### TASK TO CARRY OUT
Could you copy word for word only the lines between the one containing "Sac à dos enfant" and the end of the listing below, both included, and leave out the pictures?
====
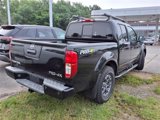 Used 2016 Nissan Frontier PRO-4X w/ Pro-4x Luxury Package image 3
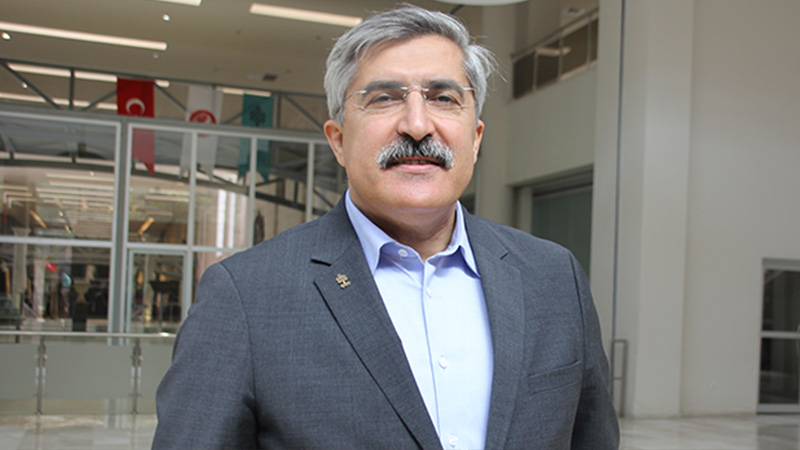 huseyn yayman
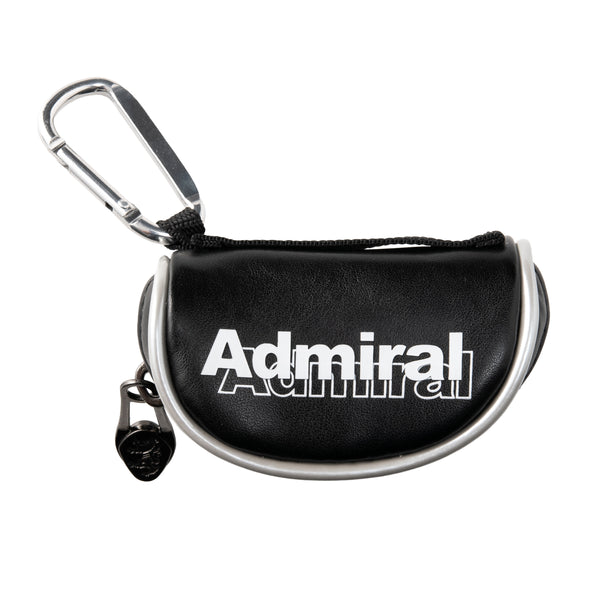 ボールポーチ　新品 ボールポーチベーシックスポーツ ADMG6AE3 – ADMIRAL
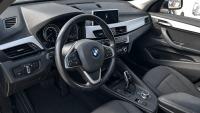 BMW X1 sDrive18i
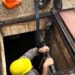 Energía: mantenimiento subterráneo en Posadas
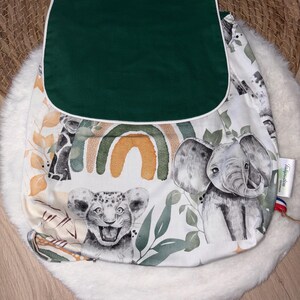 Sac à dos enfant Xsan, sac cartable sac à dos crèche, sac à dos maternelle, sac à dos personnalisé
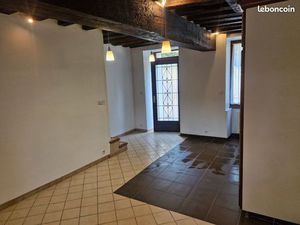 Location appartement f2 plus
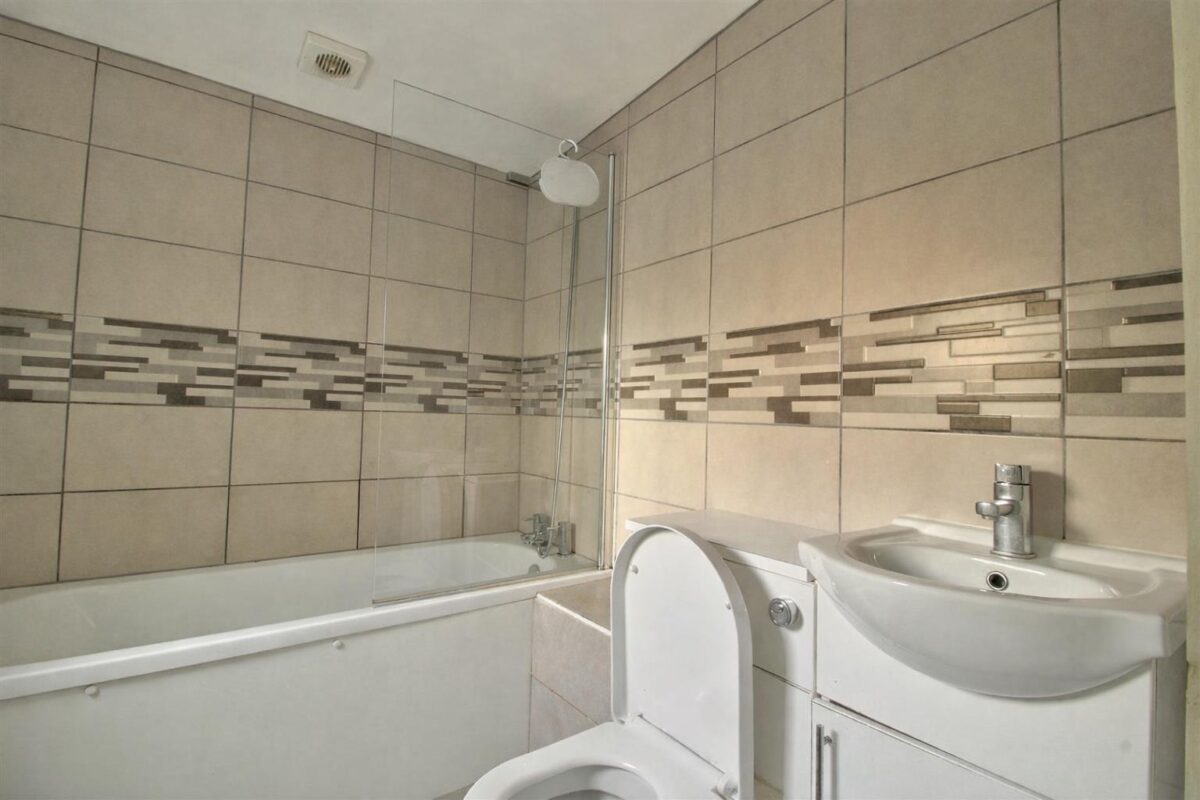 Tillery Street, Abertillery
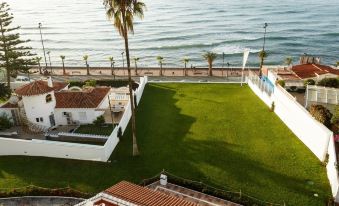Globales Gardenia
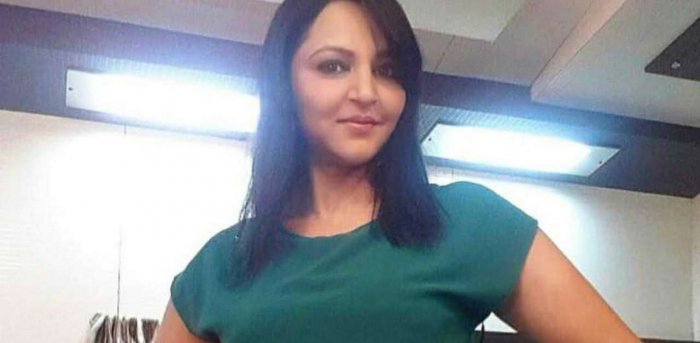 TV actor Leena Acharya dies due to kidney ailment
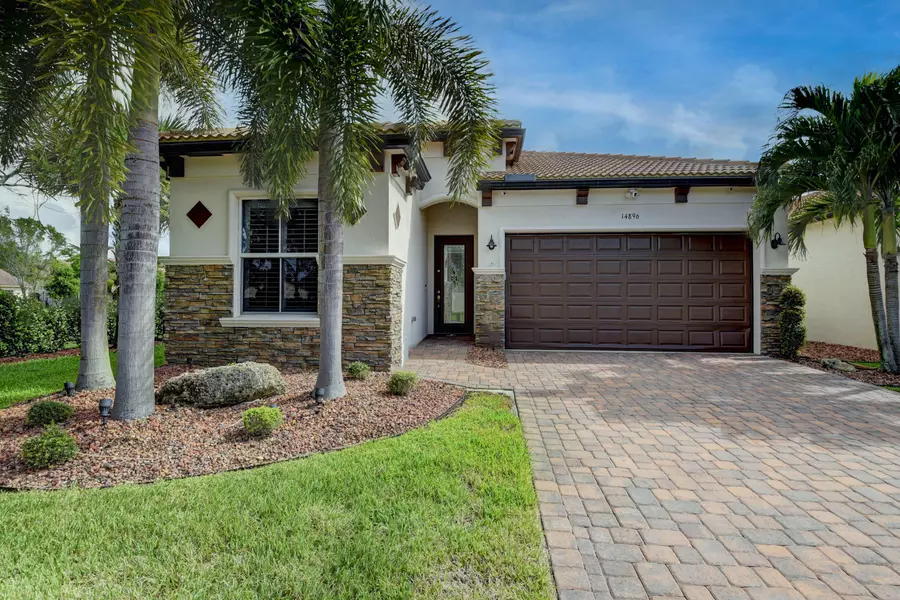 14896 Rapolla DR, Delray Beach, FL 33446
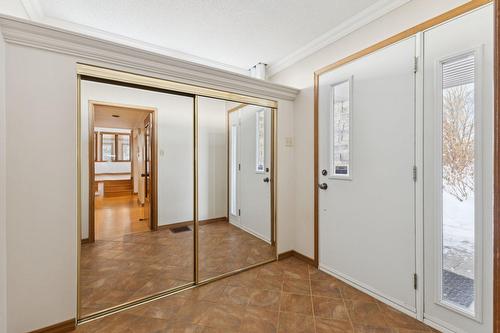 Hall d'entrée/Vestibule - 511Z Rg St-Louis, Saint-André-Avellin, QC 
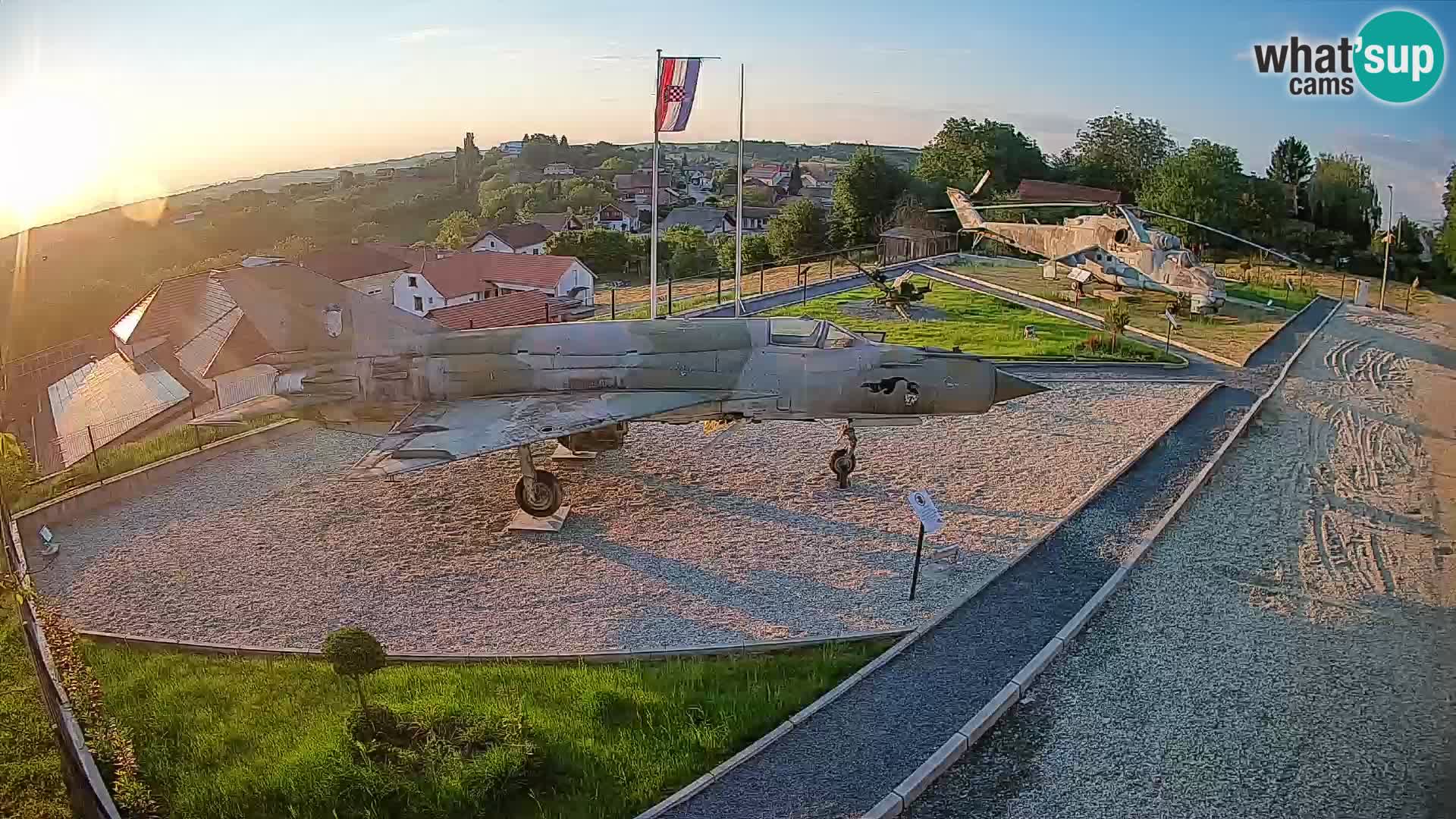 Kapela Luftwaffenmuseum
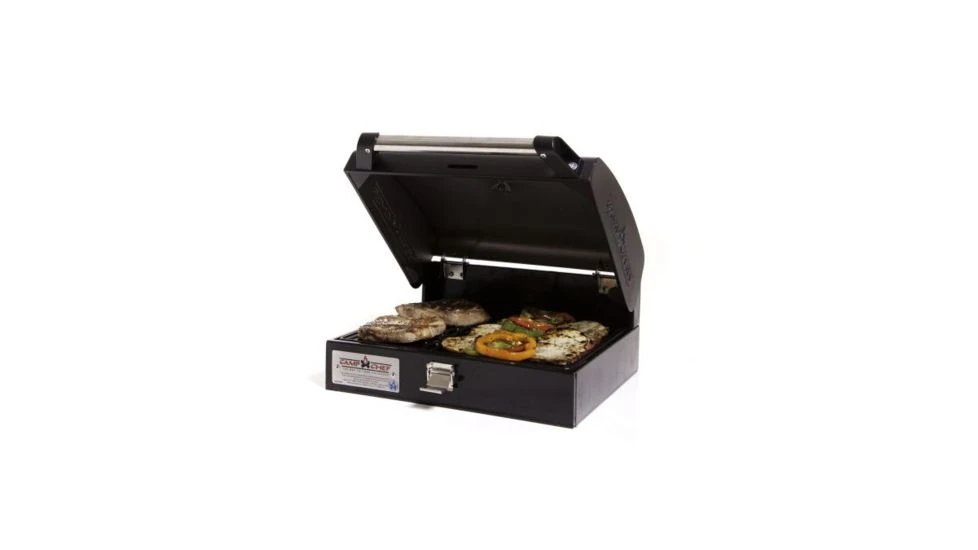 Camp Chef Deluxe Single BBQ Box 6 Camp Chef Deluxe Single BBQ Box - Image 4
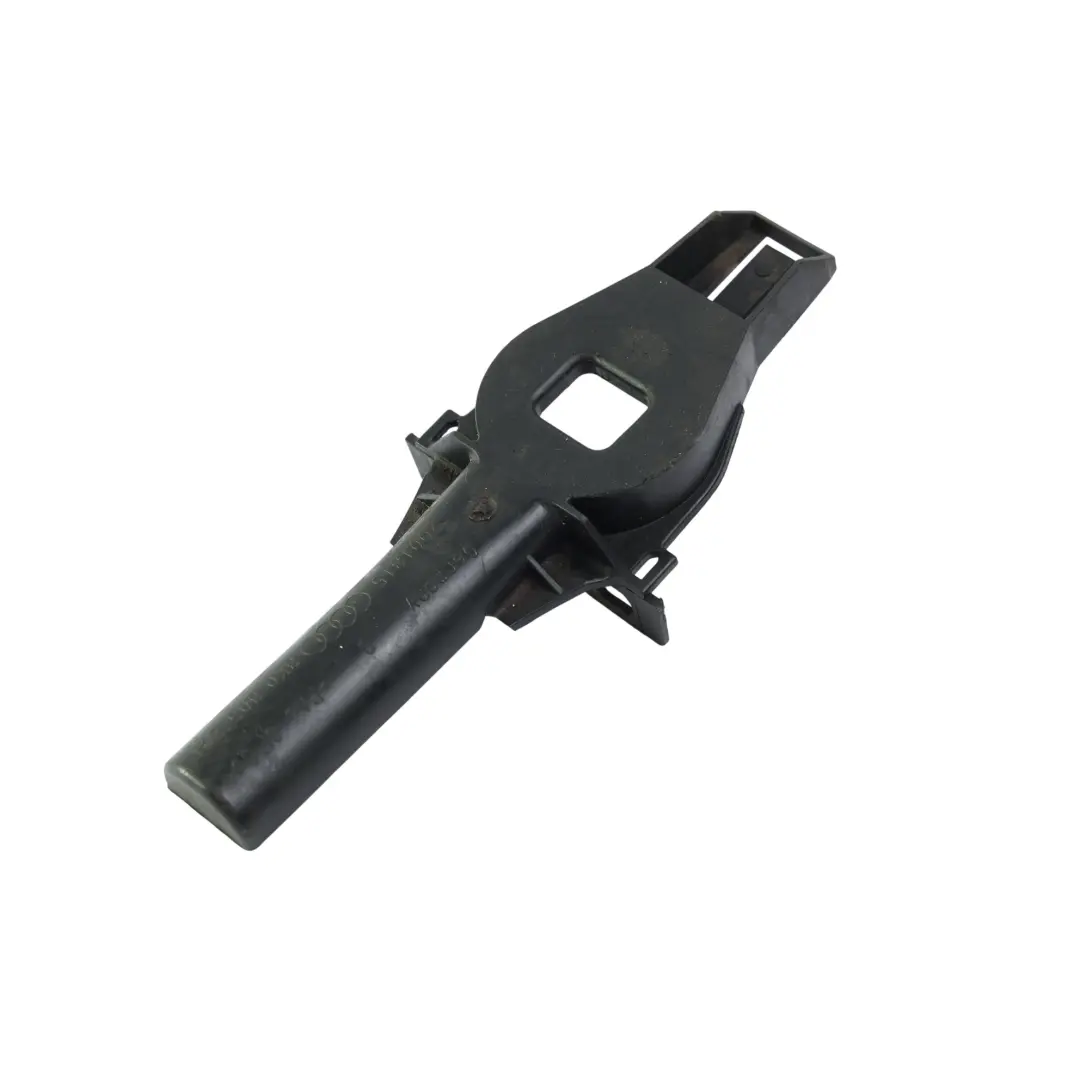 Audi A4 B8 A5 8T Radiator Support Mount Holder Left Right N/O/S - SKU 8K0805201 - Part number 8K0805201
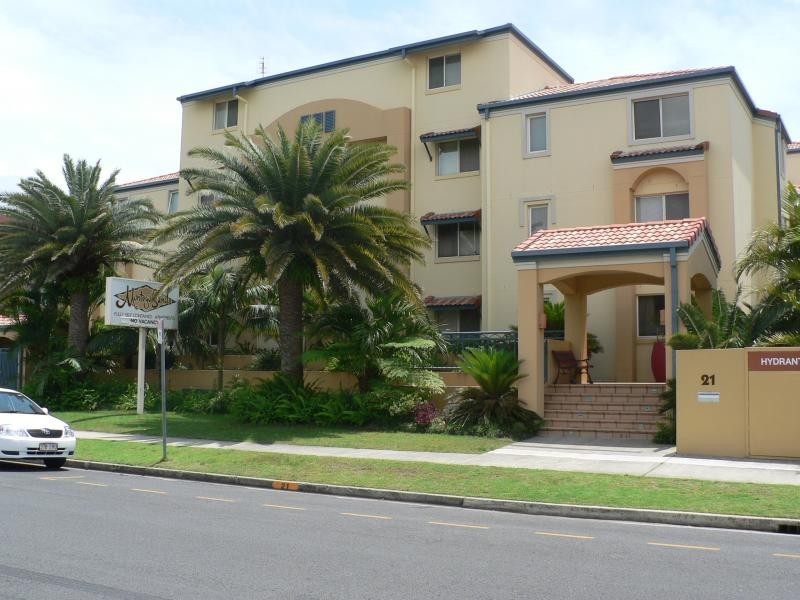 Mermaid Beach QLD 4218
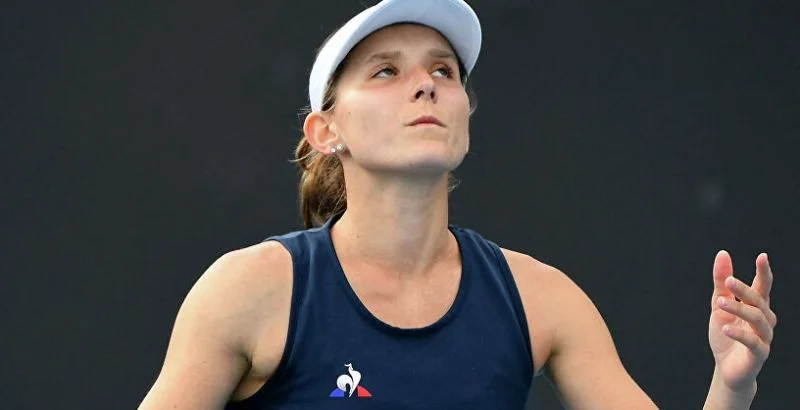 Гретье Миннен - Варвара Грачева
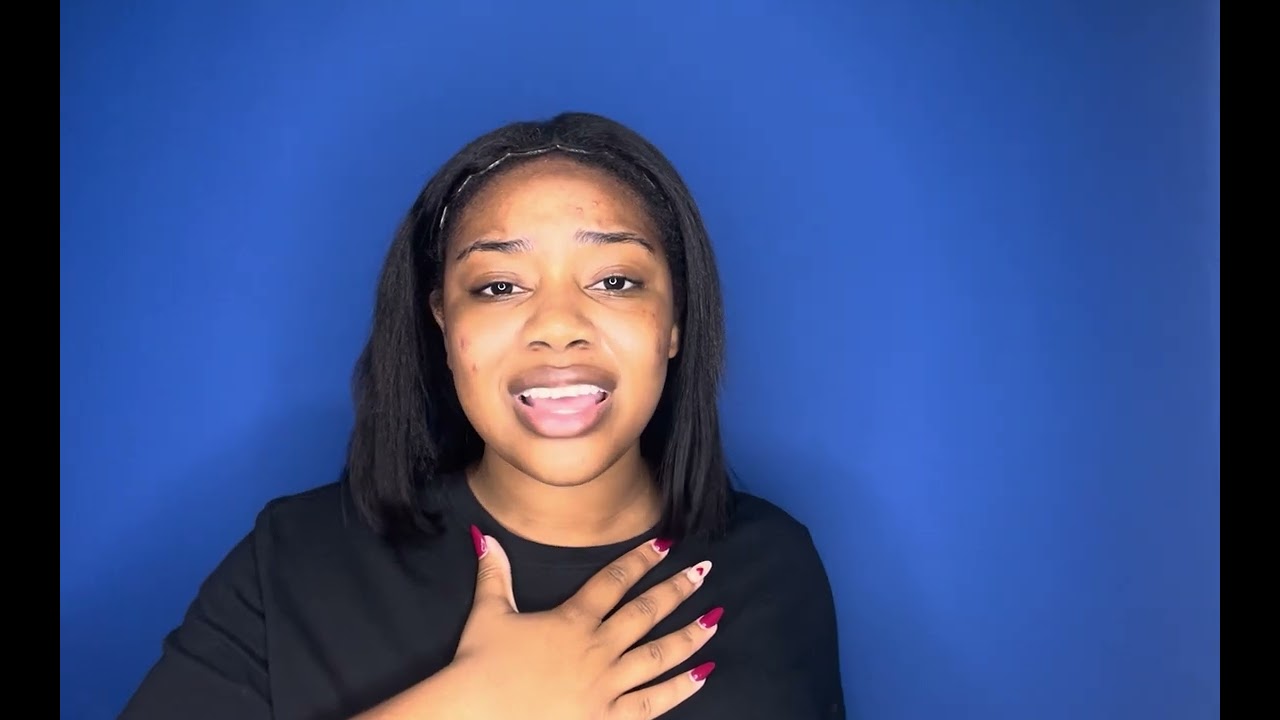 Soleil Hall sings 'Santa Fe' preview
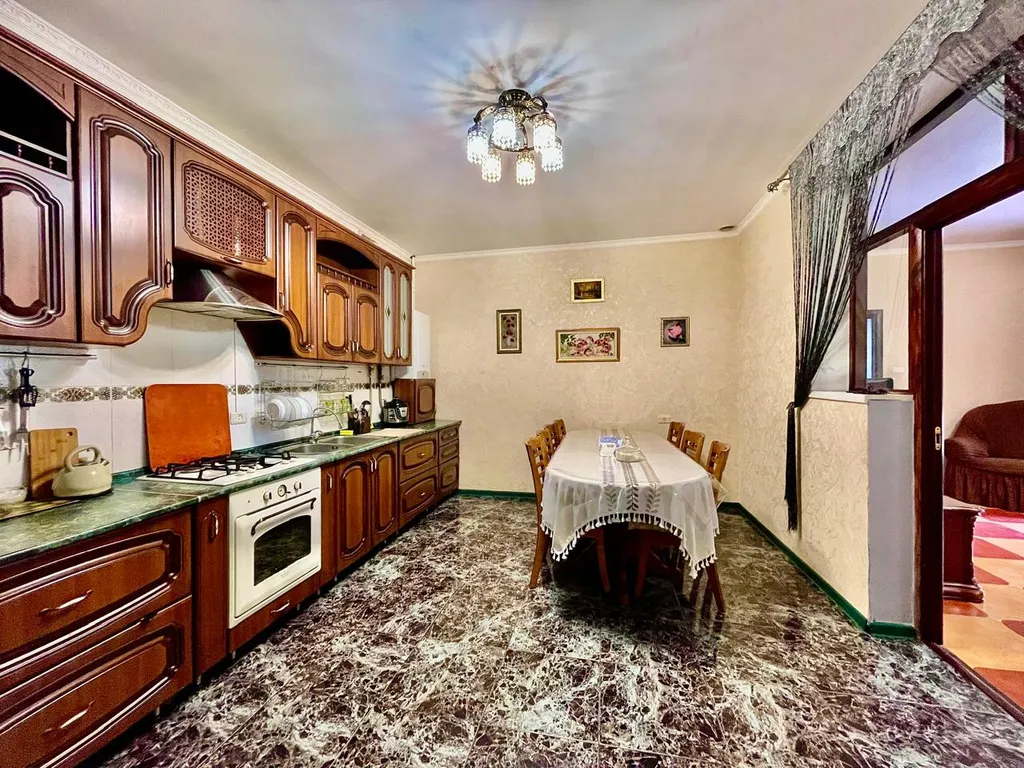 Коттедж Дом для большой семьи — Кисловодск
====
### RESULT OF THIS TASK
 Sac à dos enfant Xsan, sac cartable sac à dos crèche, sac à dos maternelle, sac à dos personnalisé
 Location appartement f2 plus
 Tillery Street, Abertillery
Globales Gardenia
 TV actor Leena Acharya dies due to kidney ailment
 14896 Rapolla DR, Delray Beach, FL 33446
 Hall d'entrée/Vestibule - 511Z Rg St-Louis, Saint-André-Avellin, QC 
 Kapela Luftwaffenmuseum
 Camp Chef Deluxe Single BBQ Box 6 Camp Chef Deluxe Single BBQ Box - Image 4
 Audi A4 B8 A5 8T Radiator Support Mount Holder Left Right N/O/S - SKU 8K0805201 - Part number 8K0805201
 Mermaid Beach QLD 4218
 Гретье Миннен - Варвара Грачева
 Soleil Hall sings 'Santa Fe' preview
 Коттедж Дом для большой семьи — Кисловодск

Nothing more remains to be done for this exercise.